- **Task details**: Return the data that follows exactly, with each line intact.

+ + + +

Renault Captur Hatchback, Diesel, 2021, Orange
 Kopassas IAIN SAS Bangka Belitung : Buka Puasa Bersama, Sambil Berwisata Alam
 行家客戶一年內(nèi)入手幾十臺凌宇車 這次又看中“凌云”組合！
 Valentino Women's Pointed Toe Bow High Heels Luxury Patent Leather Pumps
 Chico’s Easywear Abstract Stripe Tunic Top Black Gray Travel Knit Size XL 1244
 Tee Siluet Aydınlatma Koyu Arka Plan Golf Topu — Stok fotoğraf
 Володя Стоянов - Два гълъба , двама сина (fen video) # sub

+ + + +

- **Answer area**:
Renault Captur Hatchback, Diesel, 2021, Orange
 Kopassas IAIN SAS Bangka Belitung : Buka Puasa Bersama, Sambil Berwisata Alam
 行家客戶一年內(nèi)入手幾十臺凌宇車 這次又看中“凌云”組合！
 Valentino Women's Pointed Toe Bow High Heels Luxury Patent Leather Pumps
 Chico’s Easywear Abstract Stripe Tunic Top Black Gray Travel Knit Size XL 1244
 Tee Siluet Aydınlatma Koyu Arka Plan Golf Topu — Stok fotoğraf
 Володя Стоянов - Два гълъба , двама сина (fen video) # sub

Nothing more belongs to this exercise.